Person: I wanted to be but my parents wouldn't let me!
Craig: Hello, Emily Graslie.
Emily: Hi, Craig!
Craig: How are ya?
Emily: I'm great, how are you?
Craig: I'm good, where are we right now?
Emily: We are in the Mammal Mezzanine of the Field Museum in Chicago, where they do a lot of alcohol specimen preparation for mammals specifically.
Craig: Scary looking stuff.
Emily: They're not gonna hurt you, though, I mean, provided you don't, like, cork open one and start drinking.
Craig: Yeah, yeah, that probably would hurt me.
Emily: That would probably kill you, actually.
Craig: Oh, okay. These are real skeletons behind us?
Emily: Yeah, these are real skeletons.
Craig: Wow.
Emily: I think a lot of people, when they think of museums, assume that they're just exhibits, but only 1% of the specimens are actually on public display. A lot of what happens in museums is behind the scenes research and it goes on all day, every day here.
Craig: How many specimens are there here at the Field Museum?
Emily: There are 25 million.
Craig: 25 million?
Emily: 25 million.
Craig: That can't be--you meant like 1,000?
Emily: No, there's 25 million.
Craig: 25 million specimens. How did you get a job here?

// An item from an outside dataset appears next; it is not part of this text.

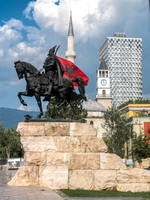 Tirana, Albania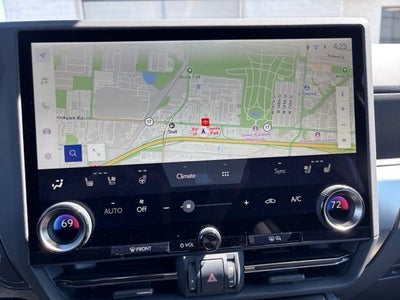 2024 Lexus GX 550 Overtrail+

Emily: I actually got a job here through my own YouTube channel called The Brain Scoop, which we started at The University of Montana Zoological Museum. I was a volunteer there and I did a lot of specimen preparation, so essentially, I cleaned roadkill. Then, I met Hank Green, and he was like, hey, you look like you'd have fun on YouTube, and I said maybe okay, that sounds good, and then I moved here in July when the Field Museum got wind. I love it, I love it so much, I get so excited about my job, there's no--like, I literally jump out of bed in the morning. I used to love sleeping a lot, and now I'm like 'who has time to sleep when all this awesome is happening, like, I'm gonna go clean an anteater today!' It's just endless amounts of like, fascinating things that I learn every day, I really want to share that with the rest of the world. I'm not a scientist. I graduated with an art degree and got into this late in life, and this is--
Craig: You're not a scientist?
Emily: No.
Craig: Get out of here, guys.
Emily: *groans*
Craig: This is Halloween week.
Emily: Yeah!
Craig: That's why we came here, we thought, you know, dead things, skeletons, things in jars, its kinda scary stuff, to a lot of people.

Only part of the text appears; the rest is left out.